Files
scadalink-design/Component-HealthMonitoring.md
Joseph Doherty 19c7e6880f Refine Data Connection Layer: error handling, reconnection, write failures, health reporting
Add connection lifecycle (fixed-interval auto-reconnect, immediate bad quality on
disconnect, transparent re-subscribe), synchronous write failure errors to scripts,
periodic tag path resolution retry, and enhanced health reporting with tag resolution
counts. Update cross-references in Health Monitoring and Site Runtime.
2026-03-16 07:51:37 -04:00

2.9 KiB

Component: Health Monitoring

Purpose

The Health Monitoring component collects and reports operational health metrics from site clusters to the central cluster, providing engineers with visibility into the status of the distributed system.

Location

Site clusters (metric collection and reporting).

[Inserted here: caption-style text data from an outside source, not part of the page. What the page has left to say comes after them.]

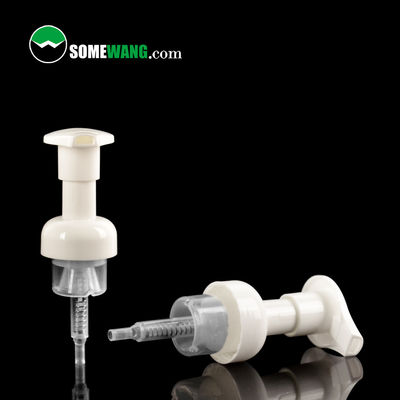 40/410 pompe fine réutilisée de distributeur de mousse de soins de la peau en plastique de pp pour le lavage de visage de main propre
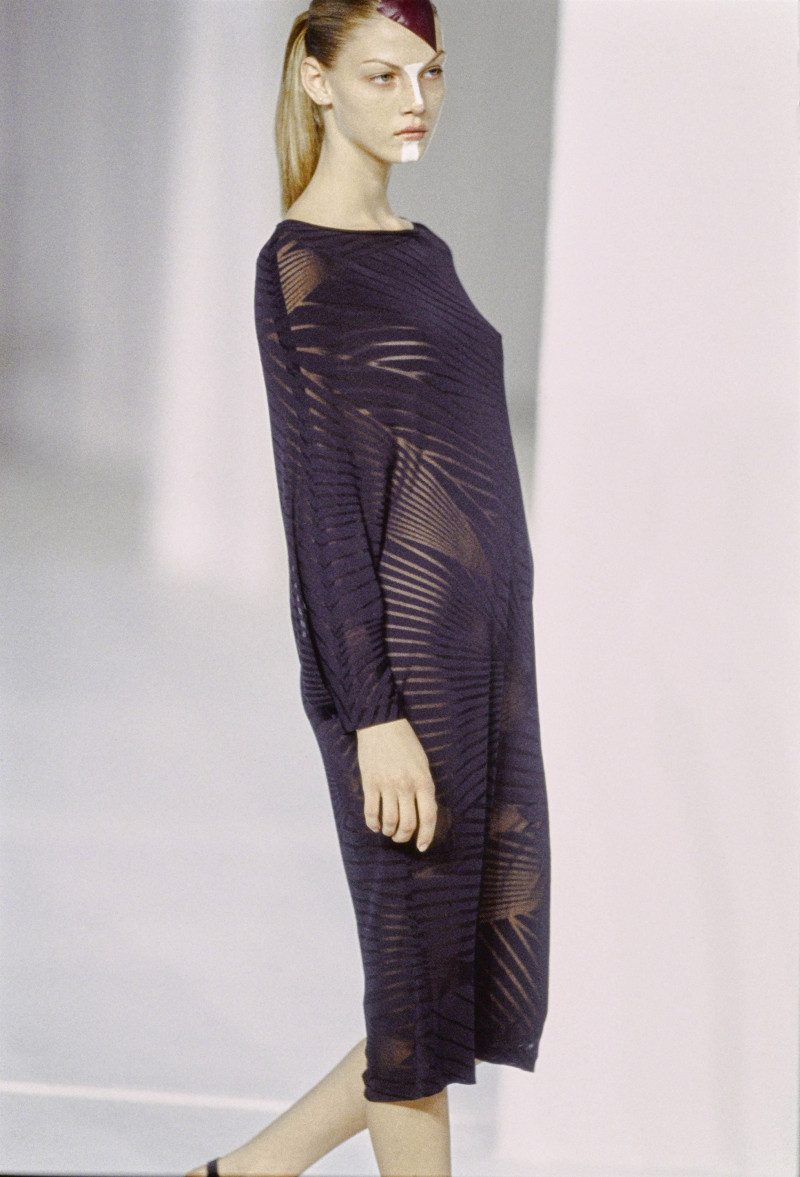 Hussein Chalayan fashion show for Spring/Summer 1998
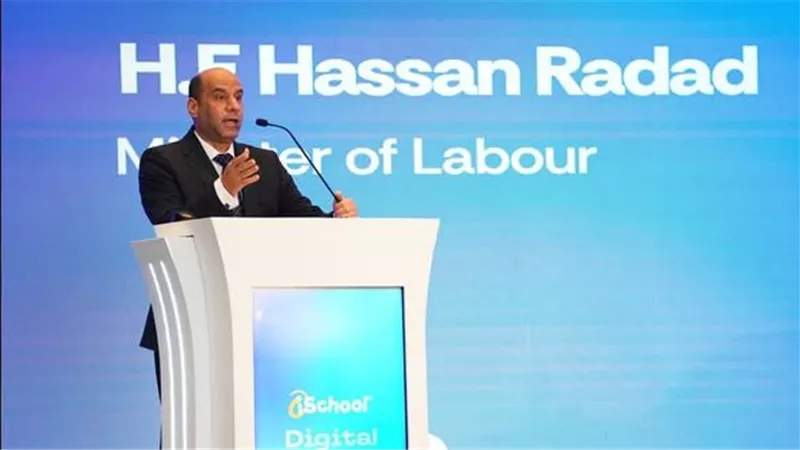 وزير العمل يطلق مشروعاً لتمكين الأطفال رقمياً بالتعاون مع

Central cluster (aggregation and display).

Responsibilities

Site Side

  • Collect health metrics from local subsystems.
  • Periodically report metrics to the central cluster via the Communication Layer.

Central Side

  • Receive and store health metrics from all sites.
  • Detect site connectivity status (online/offline) based on heartbeat presence.
  • Present health data in the Central UI dashboard.

Monitored Metrics

Metric Source Description
Site online/offline Communication Layer Whether the site is reachable (based on heartbeat)
Active/standby node status Cluster Infrastructure Which node is active, which is standby
Data connection health Data Connection Layer Connected/disconnected/reconnecting per data connection
Tag resolution counts Data Connection Layer Per connection: total subscribed tags vs. successfully resolved tags
Script error rates Site Runtime (Script Actors) Frequency of script failures
Alarm evaluation error rates Site Runtime (Alarm Actors) Frequency of alarm evaluation failures
Store-and-forward buffer depth Store-and-Forward Engine Pending messages by category (external, notification, DB write)

Reporting Protocol

  • Sites send a health report message to central at a configurable interval (e.g., every 30 seconds).
  • Each report contains the current values of all monitored metrics.
  • If central does not receive a report within a timeout window, the site is marked as offline.

Central Storage

  • Health metrics are held in memory at the central cluster for display in the UI.
  • No historical health data is persisted — the dashboard shows current/latest status only.
  • Site connectivity history (online/offline transitions) may optionally be logged via the Audit Log or a separate mechanism if needed in the future.

No Alerting

  • Health monitoring is display-only for now — no automated notifications or alerts are triggered by health status changes.
  • This can be extended in the future.

Dependencies

  • Communication Layer: Transports health reports from sites to central.
  • Data Connection Layer (site): Provides connection health metrics.
  • Site Runtime (site): Provides script error rate and alarm evaluation error rate metrics.
  • Store-and-Forward Engine (site): Provides buffer depth metrics.
  • Cluster Infrastructure (site): Provides node role status.

Interactions

  • Central UI: Health Monitoring Dashboard displays aggregated metrics.
  • Communication Layer: Health reports flow as periodic messages.